The report found dramatic inconsistencies from state to state, with “some providing an appropriate level of accommodation in their policies, and others seemingly ignoring or downplaying the basic religious needs of Muslim prisoners.”
For example, while some states are fully accommodating of prayer, with seven state religious
handbooks recognizing the importance of group prayer in Muslim daily practice and
instruct that daily group prayer be allowed where possible, other states are much less accommodating.
The study also found “numerous examples of restrictions on Muslim practice that are needless, excessive, and without any legitimate justification,” and are therefore in breach of federal law. Muslim Advocates cited several of these “restrictive, and at times ridiculous” laws in its report as examples.
While 17 states are completely accommodating of religious headgear, most of the states have odd restrictions in their policy. One odd law, in Colorado, says head coverings are allowed outside of the cell, but only if they are covered with another head covering such as a stocking or baseball cap and are “not visible.”
“These restrictions on head covering are arbitrary. As the Colorado policy shows, non-religious headgear is allowed outside of cells. A baseball cap brim surely obscures the face more so than most Muslim headgear, which is brimless and, with the exception of a face veil, leaves the face unobstructed,” the report points out.
Changes must be made
As well as pointing out the flaws in the current prison system with regards to the rights of Muslims, the report outlined what changes it recommends to rectify these issues.

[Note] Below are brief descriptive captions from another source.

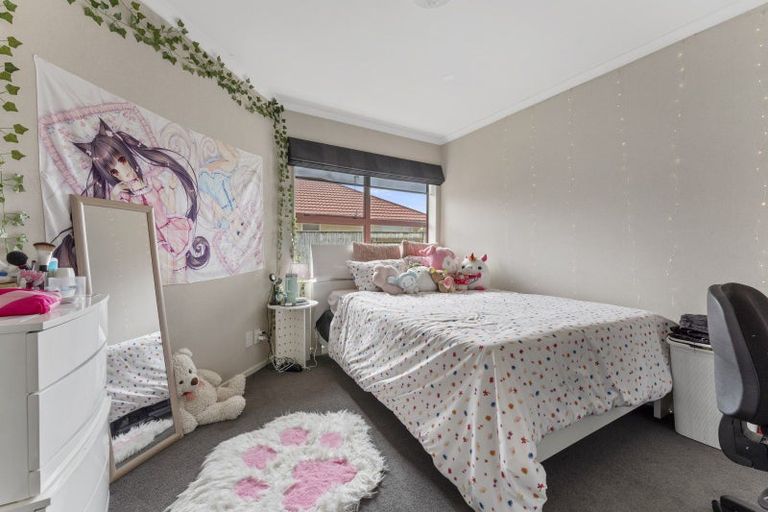 Photo of property in 52 Geneva Terrace, Kelvin Grove, Palmerston North, 4414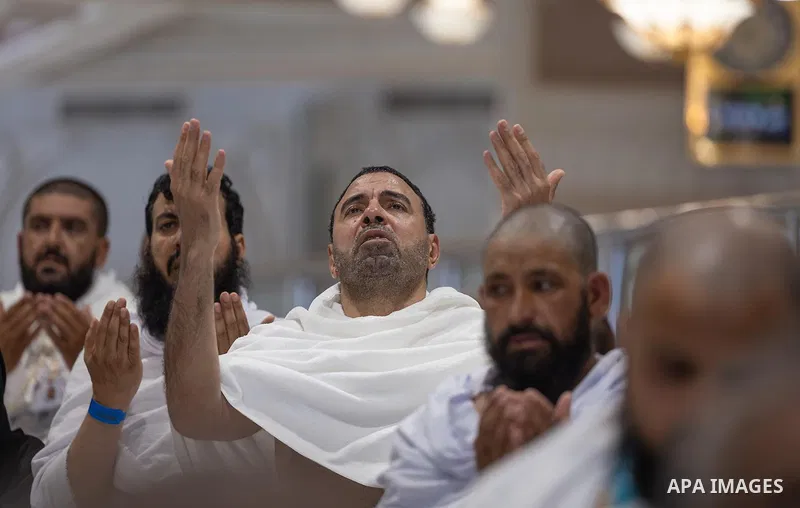 Muslim worshippers gather around the Kaaba, Islam's holiest shrine, at the Grand Mosque complex in the holy city of Mecca on June 3, 2025 ahead of the annual Hajj pilgrimage. Photo by Saudi Press Agency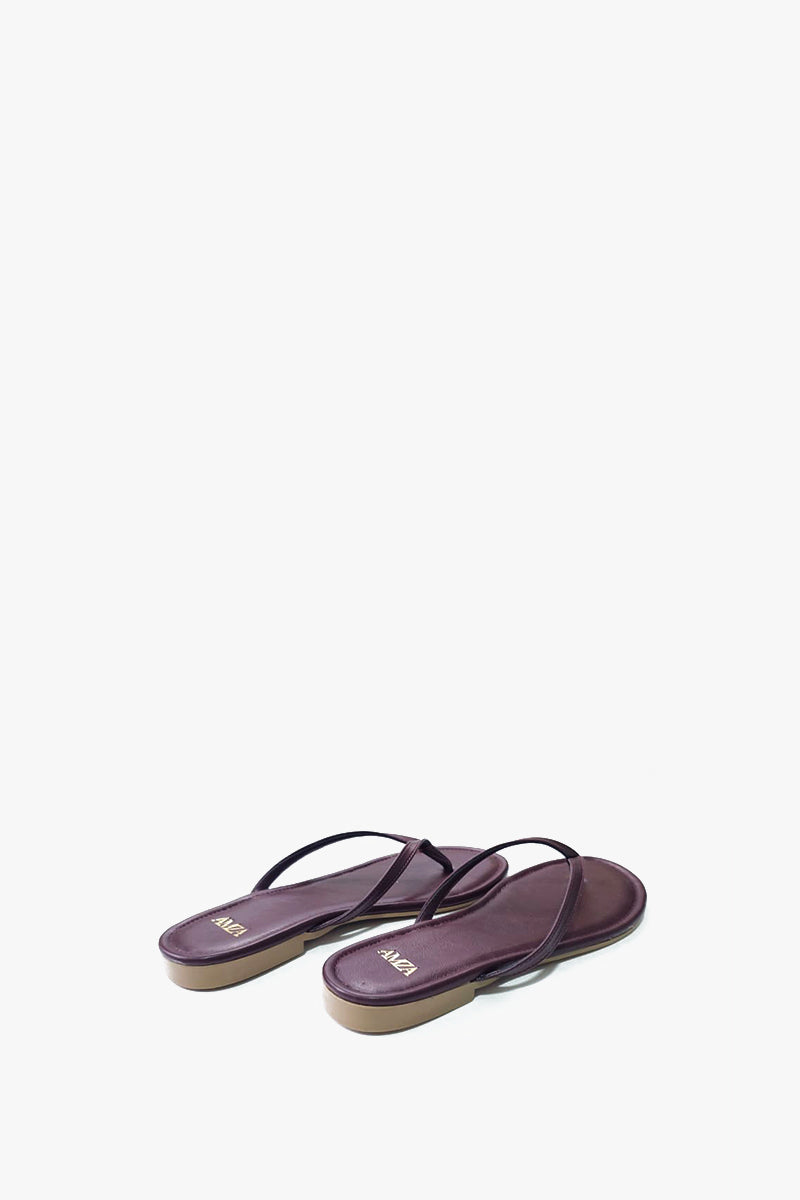 BURGUNDY THONG FLAT SANDAL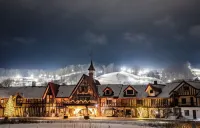 Oasis on 10 Acres, Firepits, 15 Mins to Harbor Springs, Petoskey, Sleeps 14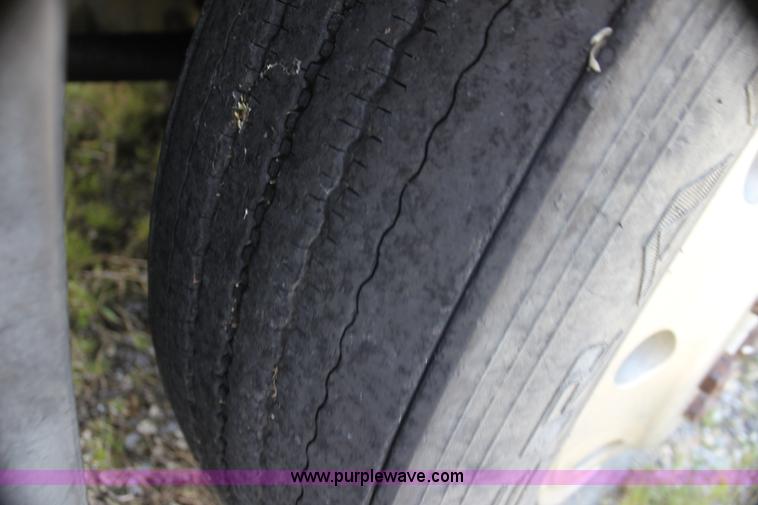 image for item I7278 1991 Freightliner FLD112 semi truck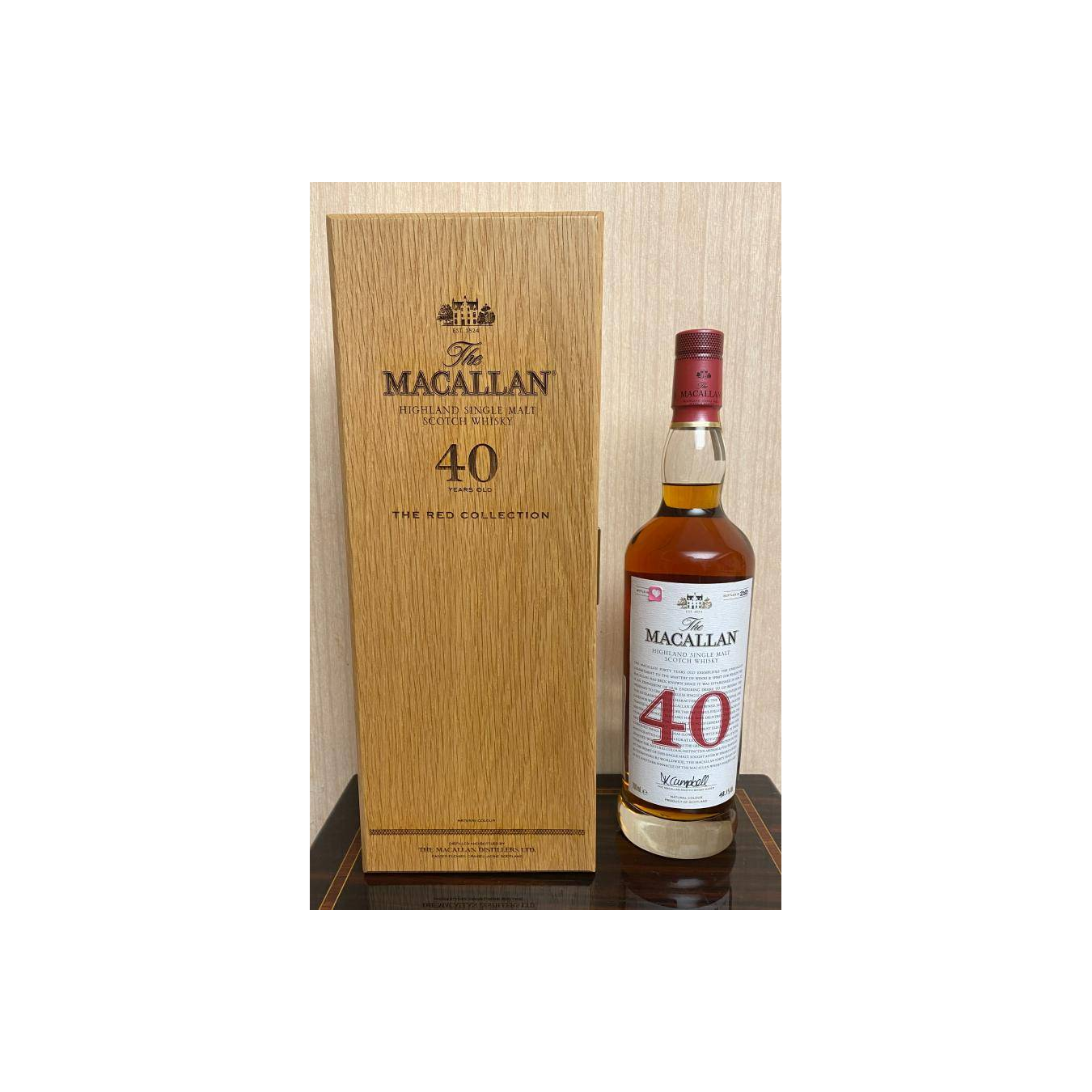 The Macallan 40 Years Single Malt Whisky 2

The suggestions include allowing Muslims to adjust their work hours during Ramadan, training guards on how to conduct respectful searches of religious property, and allowing head coverings throughout their facilities. Muslims Advocates also said that the growing Muslim representation in US prison “should be enough of an incentive to implement the suggestions nationally.”
“As civil rights lawyers, our takeaway is that many state prisons are failing to respond to the needs of this significant population of Muslims,” said Saei, the study’s main author. “It is simply unreasonable for so many state prisons to deny these people basic necessities […] particularly when other prisons are already doing this with ease.”